Begin at the line containing "Men's Wash and Wear White Kurta Shalwar" in the records below, end at the line containing "Dildo - Clear", and retype each line in that span exactly. No other line and no image should appear.

EXTRACTED MATERIAL
-.-.-

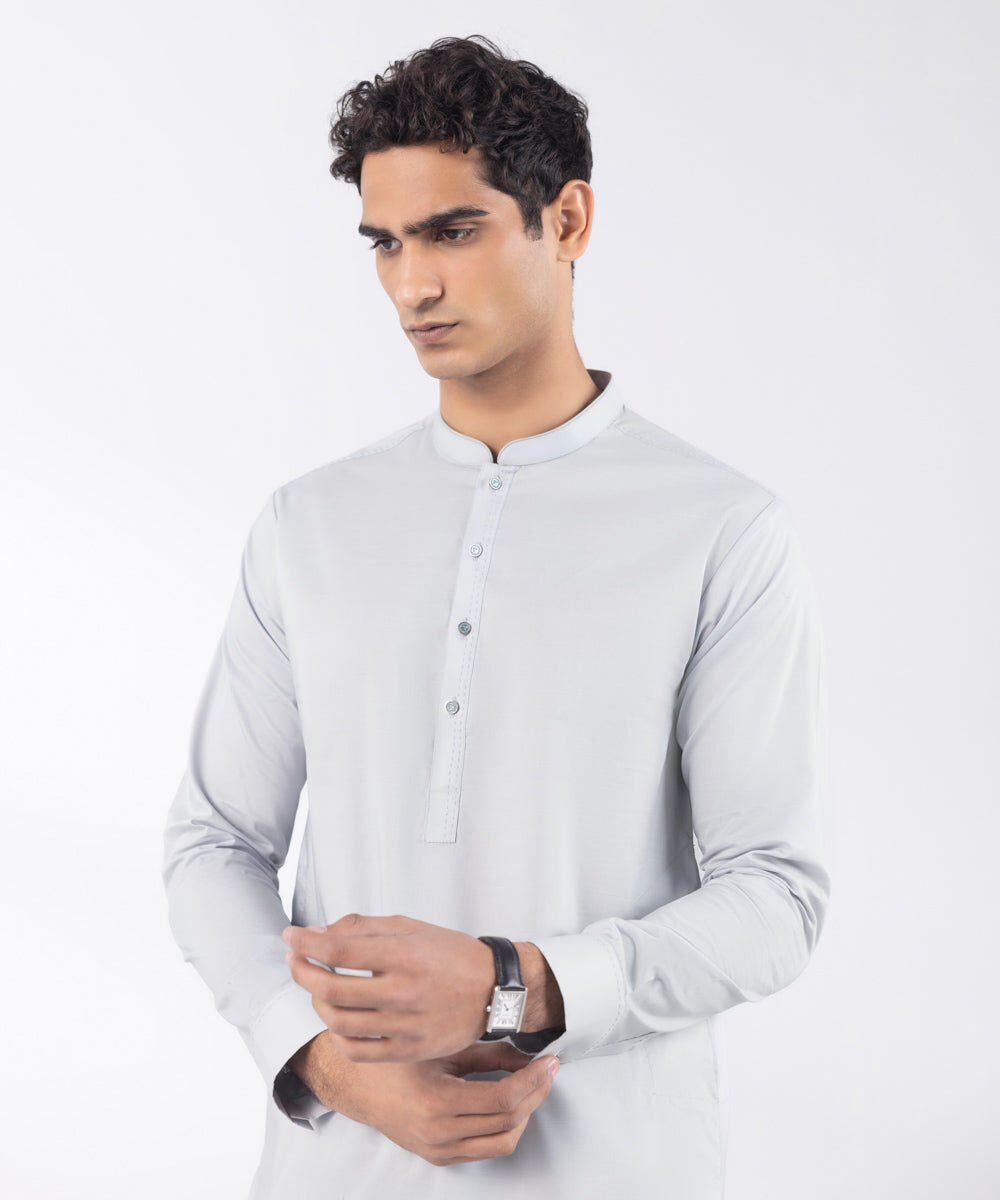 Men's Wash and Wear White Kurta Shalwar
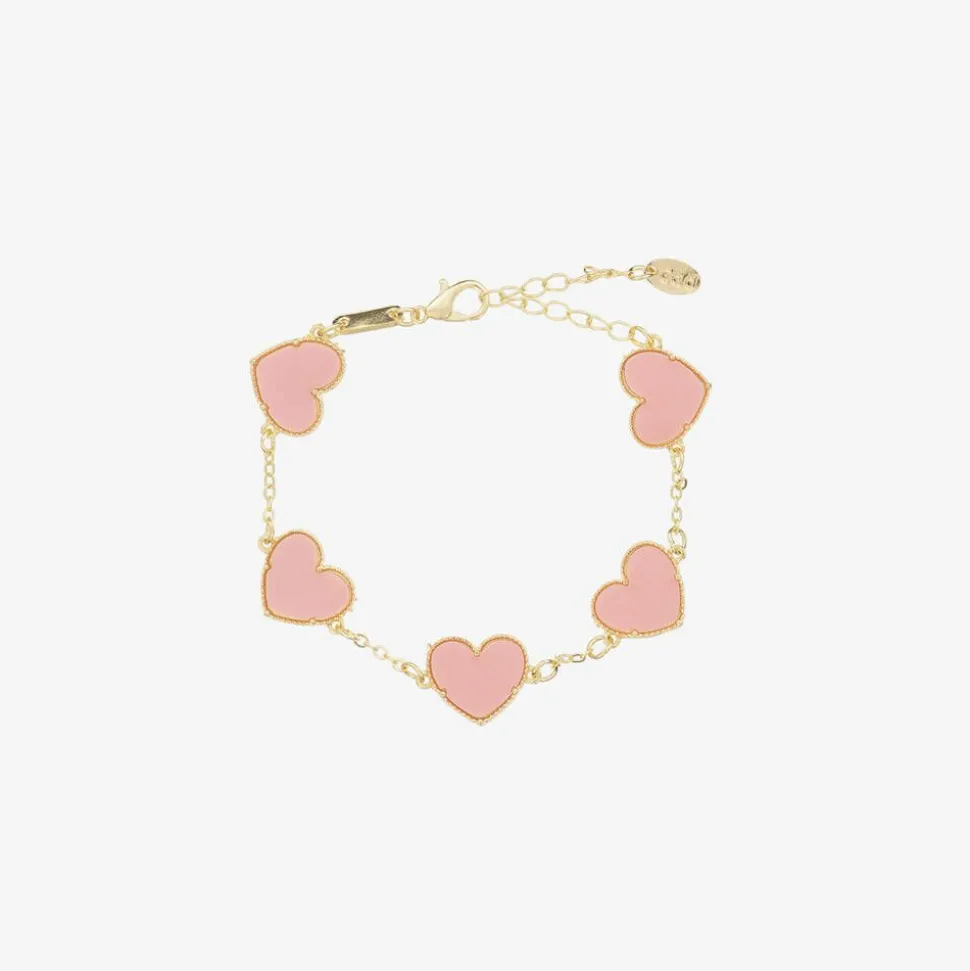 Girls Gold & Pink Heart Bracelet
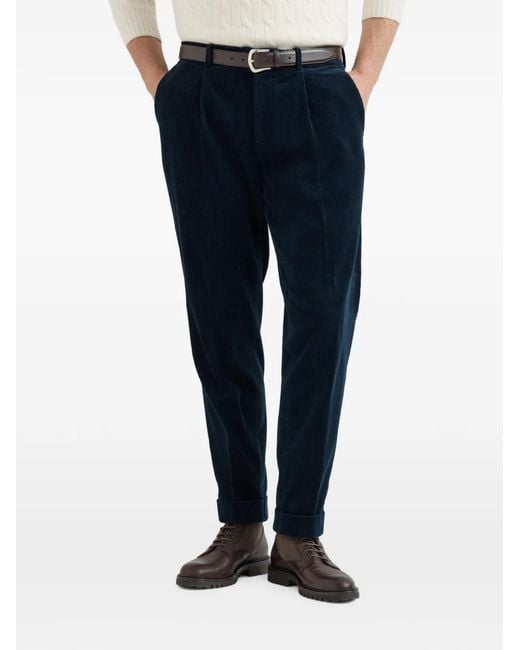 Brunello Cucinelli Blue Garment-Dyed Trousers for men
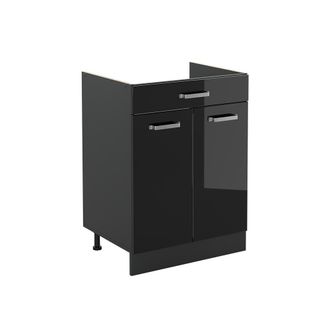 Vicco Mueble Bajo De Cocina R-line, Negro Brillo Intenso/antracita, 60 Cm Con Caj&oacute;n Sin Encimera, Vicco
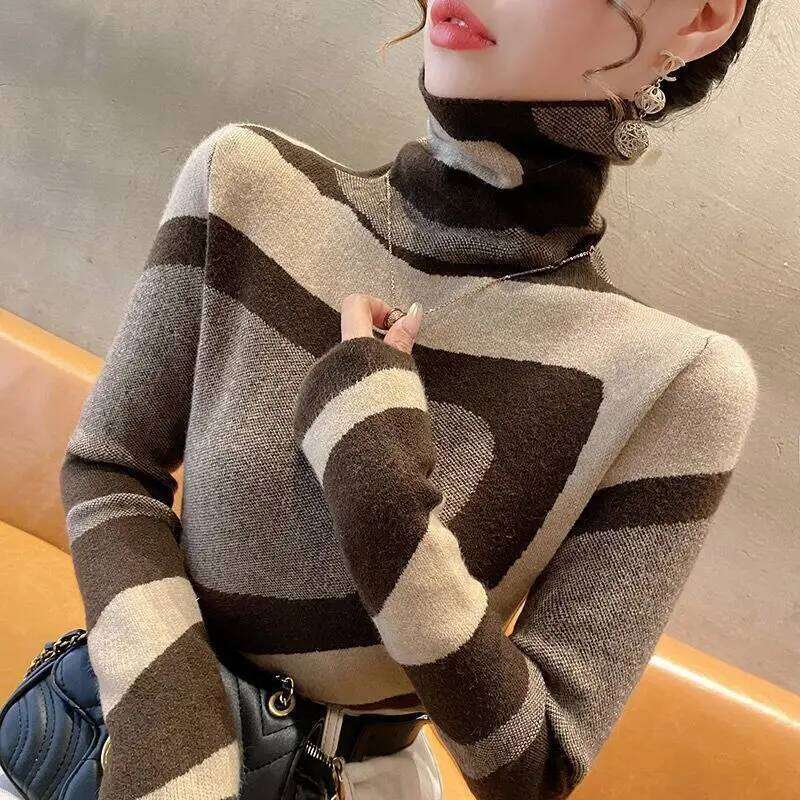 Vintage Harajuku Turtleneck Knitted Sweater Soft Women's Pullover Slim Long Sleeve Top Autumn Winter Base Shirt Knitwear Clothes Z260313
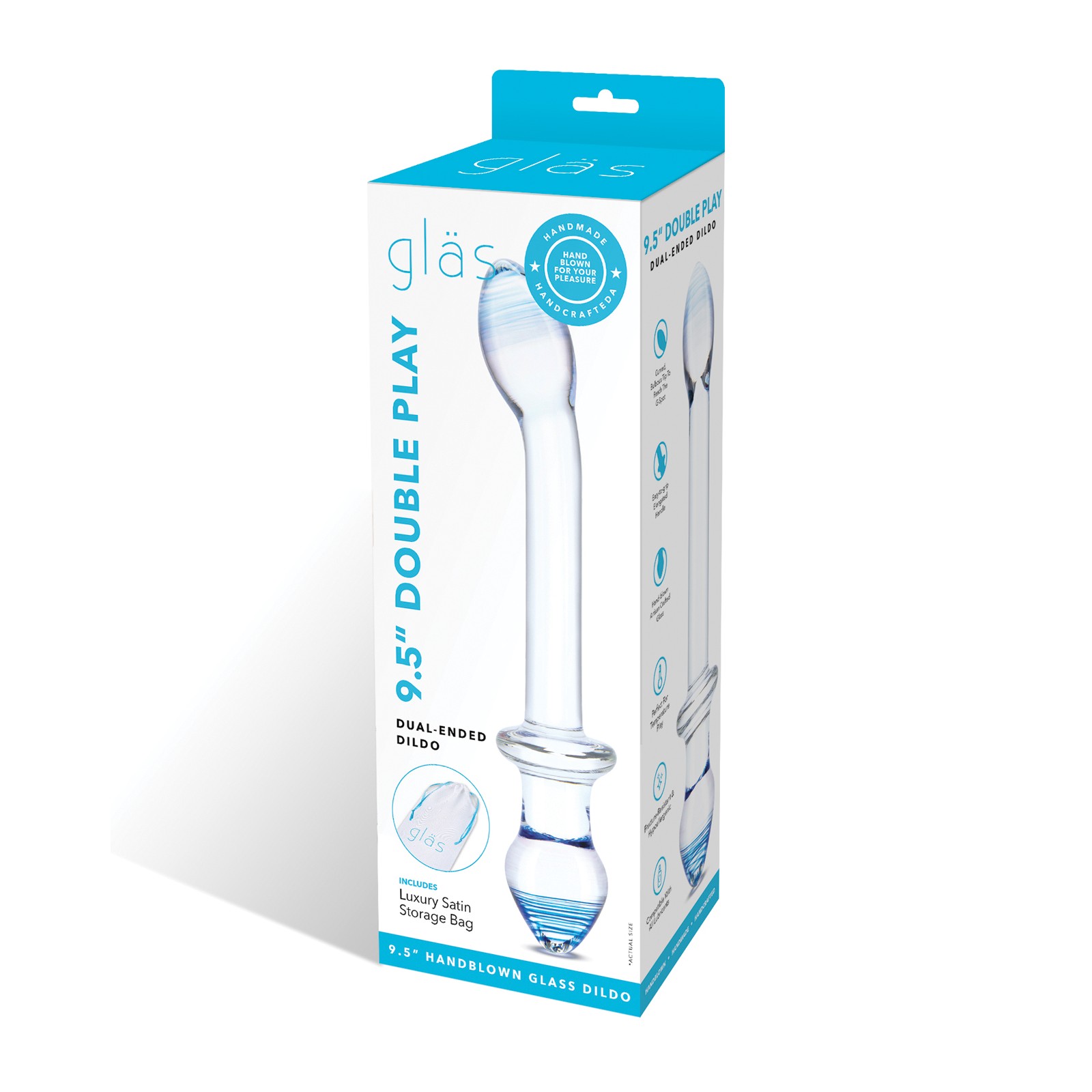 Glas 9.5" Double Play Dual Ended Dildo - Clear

-.-.-

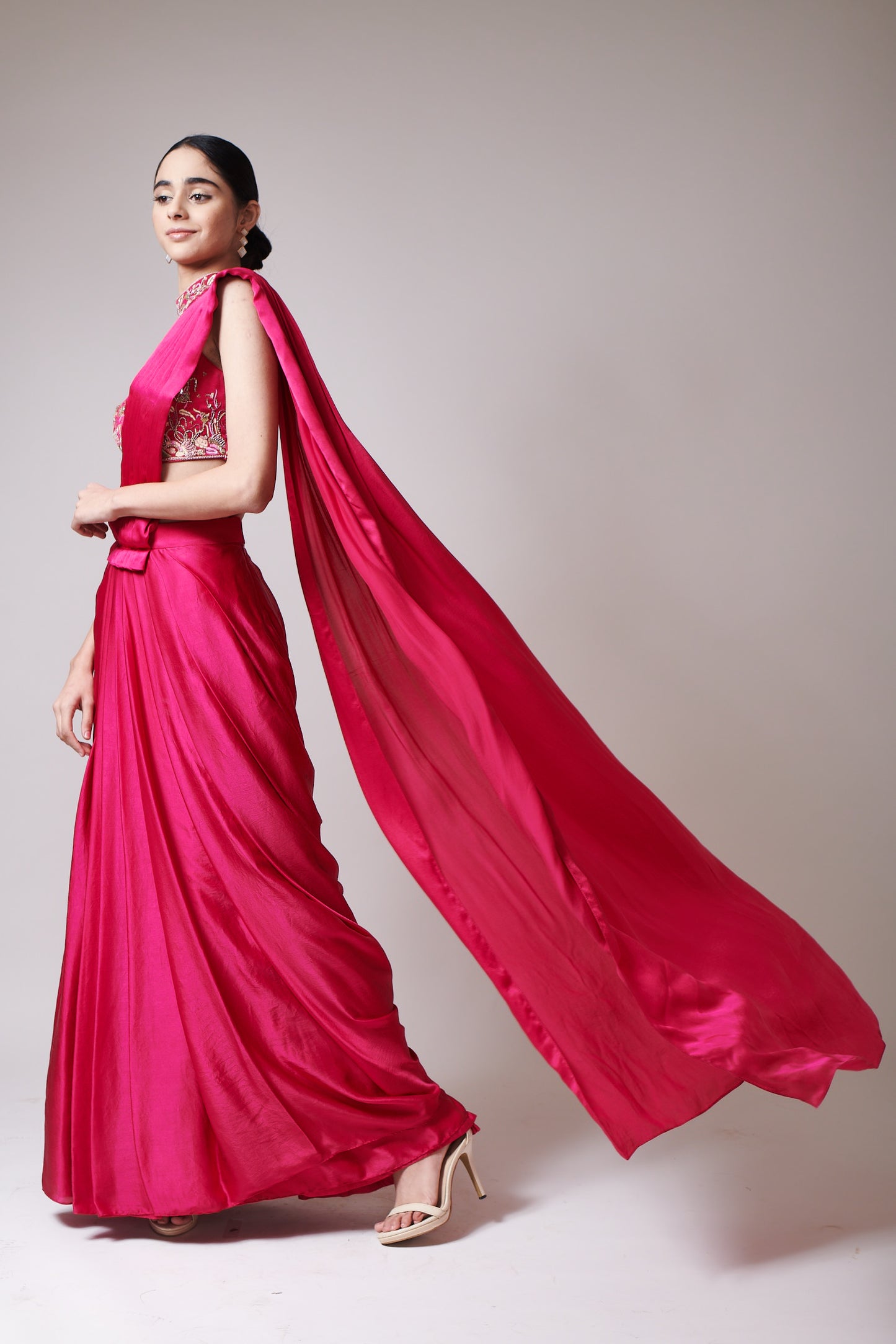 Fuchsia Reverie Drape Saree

-.-.-

TASK RESULT
 Men's Wash and Wear White Kurta Shalwar
 Girls Gold & Pink Heart Bracelet
 Brunello Cucinelli Blue Garment-Dyed Trousers for men
 Vicco Mueble Bajo De Cocina R-line, Negro Brillo Intenso/antracita, 60 Cm Con Caj&oacute;n Sin Encimera, Vicco
 Vintage Harajuku Turtleneck Knitted Sweater Soft Women's Pullover Slim Long Sleeve Top Autumn Winter Base Shirt Knitwear Clothes Z260313
 Glas 9.5" Double Play Dual Ended Dildo - Clear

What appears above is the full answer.